Galdangiin Orgilbold

Personal information
- Nationality: Mongolia
- Born: 21 November 1986 (age 39)
- Weight: 89 kg (196 lb)

Sport
- Sport: Powerlifting

Medal record
Men's Powerlifting
Representing Mongolia
IPF World Classic Bench Press Championships
| Gold medal – first place | 2025 Drammen | 93 kg |
| Gold medal – first place | 2024 Austin | 93 kg |
| Gold medal – first place | 2023 Sun City | 93 kg |
| Gold medal – first place | 2022 Almaty | 93 kg |

= Galdangiin Orgilbold =

Mongolian powerlifter (born 1986)

Galdangiin Orgilbold (born 1986) is a Mongolian powerlifter. He is a four-time gold medalist at the IPF World Classic Bench Press Championships.

Galdangiin Orgilbold is amateur athlete, who has been competing in powerlifting since 2016. As a child, he practiced Mongolian wrestling, known as Bökh. Orgilbold trains under the guidance of Enkhbayaryn Sodnompiljee and Dashiin Battulga. In 2018 and 2019, he finished fifth at the World Championships. In 2022, he went to Almaty, Kazakhstan, where sang the national anthem for the first time.

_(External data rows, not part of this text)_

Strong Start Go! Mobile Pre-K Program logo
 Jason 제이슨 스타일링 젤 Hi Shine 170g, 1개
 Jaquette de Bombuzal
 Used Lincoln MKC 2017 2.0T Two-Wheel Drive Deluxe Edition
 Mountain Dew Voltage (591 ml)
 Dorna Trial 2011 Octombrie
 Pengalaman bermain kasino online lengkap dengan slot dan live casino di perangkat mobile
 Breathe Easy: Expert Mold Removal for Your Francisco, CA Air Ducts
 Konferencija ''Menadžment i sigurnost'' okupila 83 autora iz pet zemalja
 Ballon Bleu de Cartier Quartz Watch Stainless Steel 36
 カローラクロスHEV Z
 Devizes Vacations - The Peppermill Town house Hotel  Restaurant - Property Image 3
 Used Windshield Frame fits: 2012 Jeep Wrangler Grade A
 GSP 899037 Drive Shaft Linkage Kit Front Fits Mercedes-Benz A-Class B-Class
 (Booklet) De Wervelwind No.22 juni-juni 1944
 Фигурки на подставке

He became a two-time World Champion in 2023.

Orgilbold works as a mining foreman at the Energy Resources company in Tsogttsetsii sum of Ömnögovi Province and is the four sons′ father.

==Highlight achievements==
Career accomplishments include:

- 2025	World Men's Open Classic Bench Press Championships Winner.

- 2024	World Men's Open Classic Bench Press Championships Winner.

- 2024	Asian Men's Classic Bench Press Championships	 Winner.

- 2023	World Men's Classic Bench Press Championships Winner.

- 2022	World Men's Classic Bench Press Championships Winner.